I have been flying for more than 30 years now, long enough to remember when people could light up cigarettes during flights.
While much has changed about the flying experience, one thing that has evolved very little is the level of comfort of economy class seating. Economy seats have have always been just a little too dense for an above-average sized person, especially on long-haul flights.
This challenge likely motivated a revolutionary seating design concept by the Jacob-Innovations firm from Cambridge, Massachusetts. The company, recently featured in the media, has several design concepts being promoted on their web-site, designed to enhance passenger comfort.
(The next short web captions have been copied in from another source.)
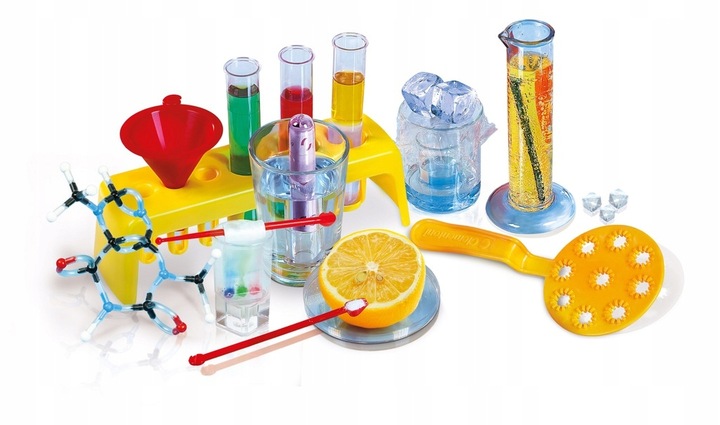 CLEMENTONI LABORATORIUM CHEMICZNE 150 doświadczeń dla dzieci +8 lat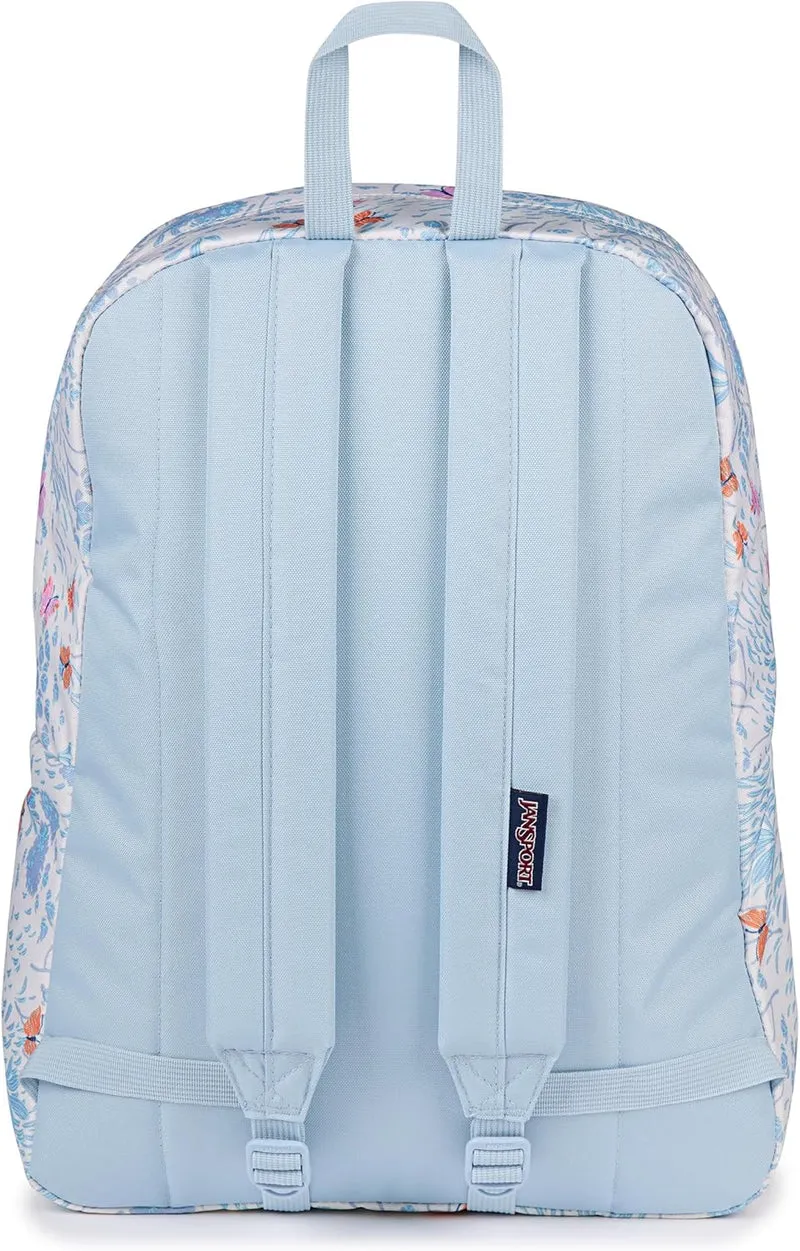 JanSport SuperBreak One Backpack - Durable, Lightweight Bag with 1 Main Compartment, Front Utility Pocket with Built-in Organizer, Premium Backpack, Fluttering Fields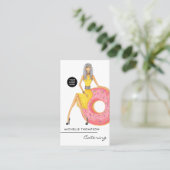 Food Catering Business Card Visitenkarte (Stehend Vorderseite)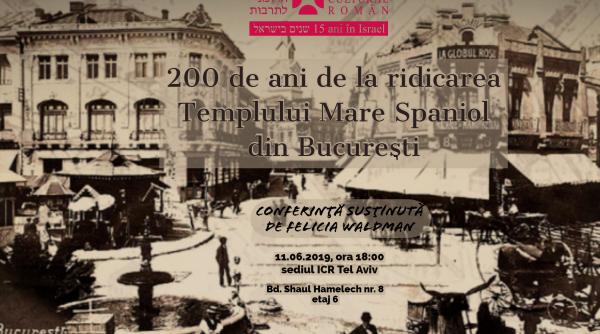 bucurestiul evreilor sefarzi serie de conferinte sustinute de felicia waldman la tel aviv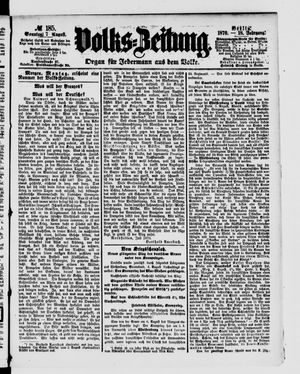 Volks-Zeitung vom 07.08.1870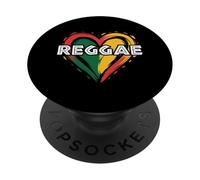 Reggae Music Jamaica Rastafari Roots Jamaican Rasta PopSockets Adhesive PopGrip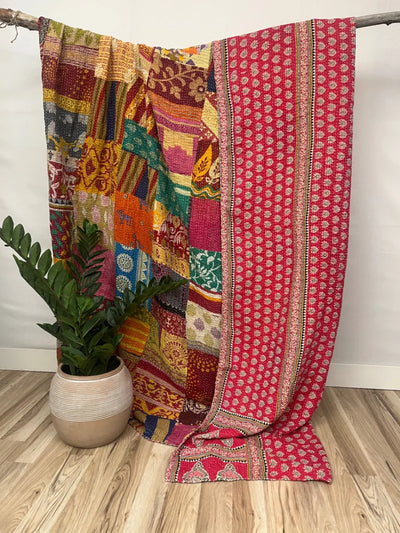 (Events) Queen Patchwork Cotton Quilt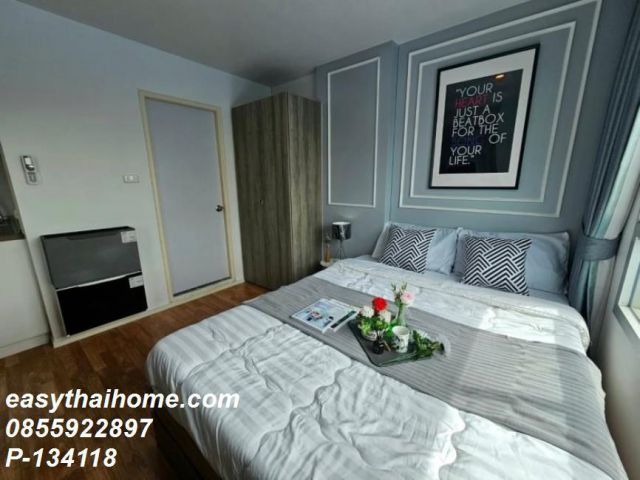 P-134118 ห้องสวยแต่งครบ พร้อมเข้าอยู่! ใกล้ BTS กรุงธนบุรี เพียง 5 นาที! 1.35M Line Id: @easythaihome 085-592-2897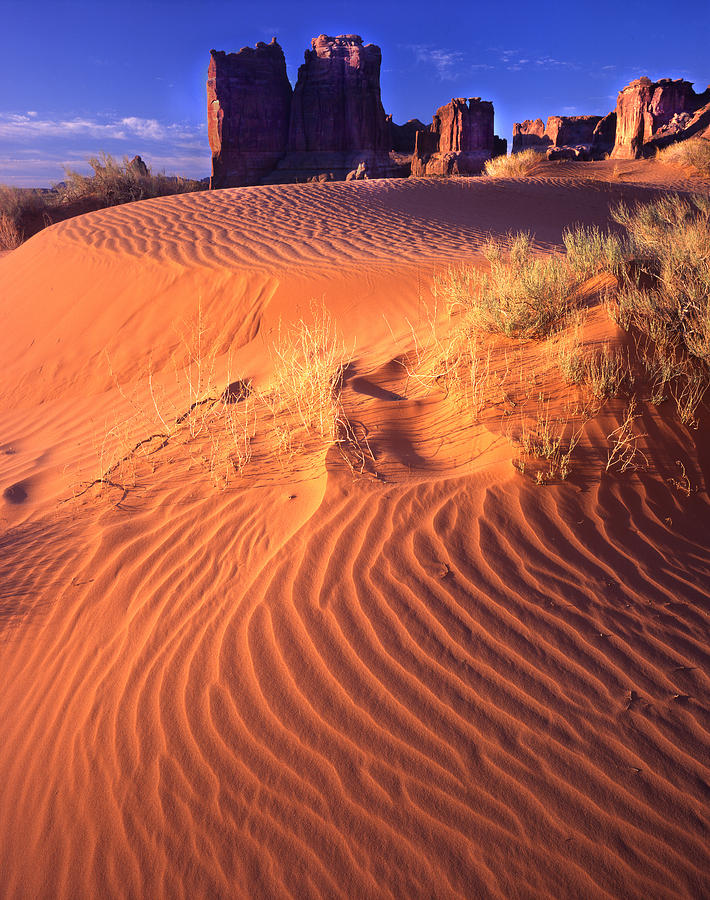 Arches Sand Dunes Photograph by Ray Mathis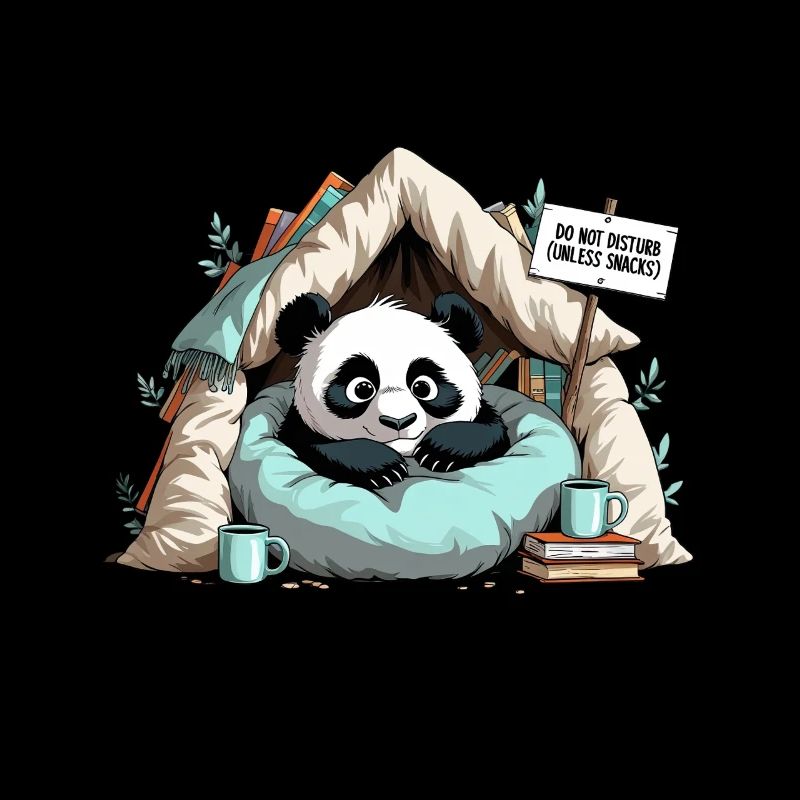 Panda in Reading Cave – Do Not Disturb!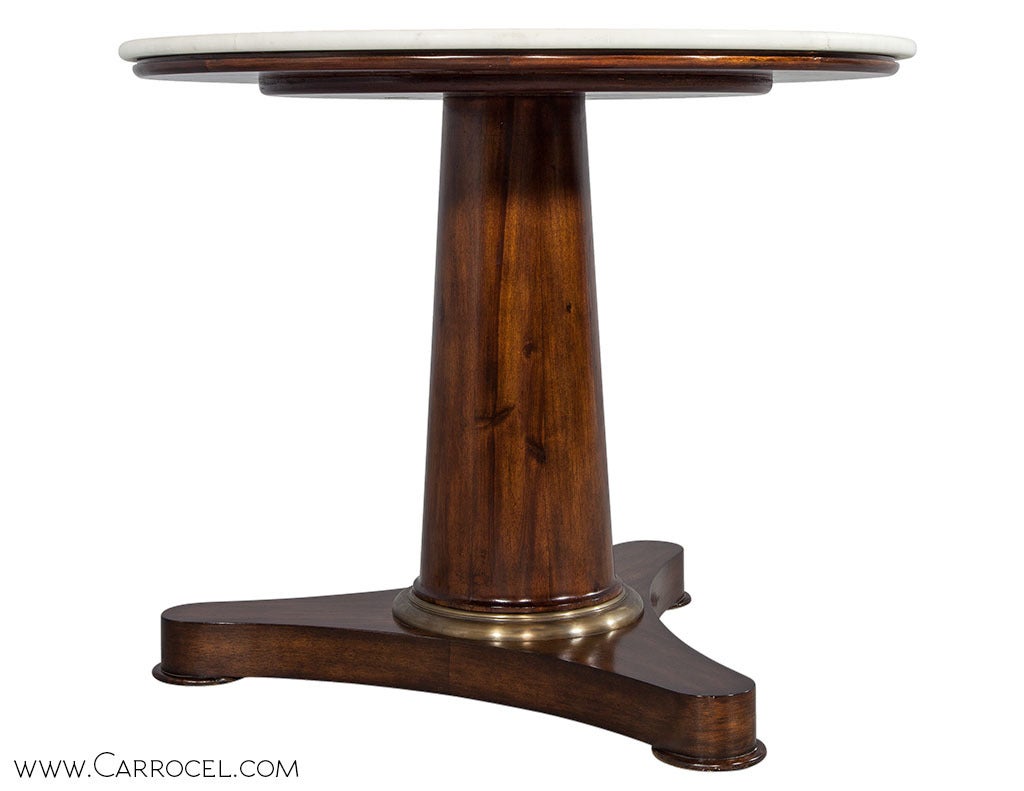 French Empire Style Marble Top Center Table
Perhaps the most straight-forward of these concepts is titled Alternate Elevated Seats (photo left), what the company calls the most cost-effective way to improve Economy Class comfort. This concept suggests that every second row is raised by a height of 7 inches, creating additional legroom for both the elevated row and the row behind. This simple yet ingenious idea also allows for additional reclining capabilities.
Additional designs by the company include sleeper seat concepts and innovations to business class seating.
Do these designs mean the change of economy class seating forever? I wouldn’t get your hopes up; these are designs that are subject to patent pending and have yet to be implemented. But airlines seem to be paying attention to the fact that passengers want more leg room. Last year Air New Zealand revealed new lie-down seating in economy class. Delta and Air Canada, that I am aware of, offer passengers additional leg room in economy at a small price.
The question the industry needs to pay attention to is whether people would fly more if seating were more comfortable. Would you?